Rare animals can be found in Barry County's own backyard

Thursday, June 15, 2006

Promised Land Animal Park in Eagle Rock offers Barry County residents an opportunity to see, touch and feed a wide variety of endangered and threatened animal species.

"We have a four-mile, drive-through area, a walk-through area with camels and kangaroos and a petting zoo," said Laura Sanders, park curator. "We offer a broad range of activities so there is something for everyone.

"This is one of the last facilities that allows visitors to feed and touch the animals," said Sanders. "When Exotic Animal Paradise, (which is located north of Springfield), closes in October, Promised Land will be the only drive-through animal park in southwest Missouri."

Promised Land Animal Park was founded in the early 1990s by Sanders' parents, Jeff and Diane. The original private park was located a few miles from the present location.

In 1997, the Sanders family moved to their present location on Highway 86. Two years later the park was opened to the public for the first time.

"We started with just a few animals," said Sanders, who grew up with the animal park. "Then we collected more, and later people began to ask for tours. Now it is enormous."

Promised Land covers around 100 acres and features 450 animals and around 38 species. The facility is United States Department of Agriculture accredited and holds many permits for the various animals housed and cared for on the property.

The park, which features animals from Africa, India, Asia and virtually every continent except Antarctica, specializes in rare and endangered hoof stock. Threatened, endangered and critically endangered species featured at Promised Land include: Aoudad, Ring-Tailed Lemur, Formosa Sika Deer, Scimitar-Horned Oryx, Japanese Sika Deer and Nubian Ibex.

Featured species are facing extinction due to habitat loss, over-hunting and natural disasters.

The park is also home to Ankole-Watusi Cattle, Axis Deer, Beisa Oryx, Bison, Coatimundi, Dromedary Camel, Eland, Ellipsis Waterbuck, Fallow Deer, Grants Zebra, Nilgai, Sicilian Donkey, Wildebeest, White-Bearded Gnu and numerous other birds, marsupials and primates.

Inside the petting zoo area, visitors will find Pygmy Goats, Patagonian Cavies and giant rabbits. The visitors center and gift shop features prairie dogs, a hedgehog, an iguana and a 21-foot Burmese Python named Baby.

Currently, the zoo has several infant animals, including Aoudad, Scimitar-Horned Oryx, Nubian Ibex, Red Kangaroo, Blackbuck Antelope, ankole, elk, buffalo and deer.

"This animal park is different because we focus on breeding endangered species as well as on displaying them," said Sanders. "We have a lot of critically endangered species, and we have become good at breeding them."

Promised Land has larger and often multiple groups of animals to preserve genetic diversity and maintain strong bloodlines.

"Promised Land is always adding new enclosures and new animals," said Sanders. "Now we are also working with a lot of school groups and libraries."

Members of the animal park will be guest speakers at several area libraries during the summer reading program, "Claws, Paws, Tales and Scales."

"Anyone can learn from the park and come out and enjoy a day here," said Sanders. "We get a lot of people from Eureka Springs and Branson."

Around 10,000 people visit the animal park each year. With the constant flow of visitors, Sanders is able to help educate the public about many of the endangered species that the park cares for.

"With the experience and hands-on contact, people learn to become more concerned about conservation," said Sanders. "I hope visitors learn that just because these animals aren't in their back yard and they don't see them everyday, even if they live half way across the world, they need conservation.

"The way these animals are declining, if people don't learn that," said Sanders, "we won't have much of them left."

Sanders also educates young adults through Promised Land's new internship program.
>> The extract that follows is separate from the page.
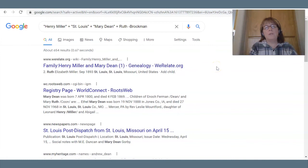I hope you start to see how we can demystify searching for very common names on Google and take a little bit of the frustration out of the experience. It's been great talking with you — talk to you again soon.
In completing the animal park internship program, students interested in animal care professions become eligible for a Promised Land Scholarship.

"Each intern is required to complete 25 hours of work and a variety of zoo-related tasks in order to receive the certificate of completion and be eligible for the scholarship," said Sanders.

Interns work around the animal park as tour guides and animal care apprentices.

"They study husbandry, nutrition, handling, transporting, bottle-feeding, first-aid and other general animal care skills," said Sanders.

Area high school students who are at least 16 years old with an interest in pursuing higher education in biology, agriculture or veterinary science are eligible for the program. Applications are available at the park visitor center.

Promised Land offers discounted group rates to groups of 12 or more and church groups. The park can also host birthday parties and other special occasions upon request.

Promised Land Animal Park is open everyday from 9 a.m. to 7 p.m. in the summer season. The park is located on Highway 86 in Eagle Rock.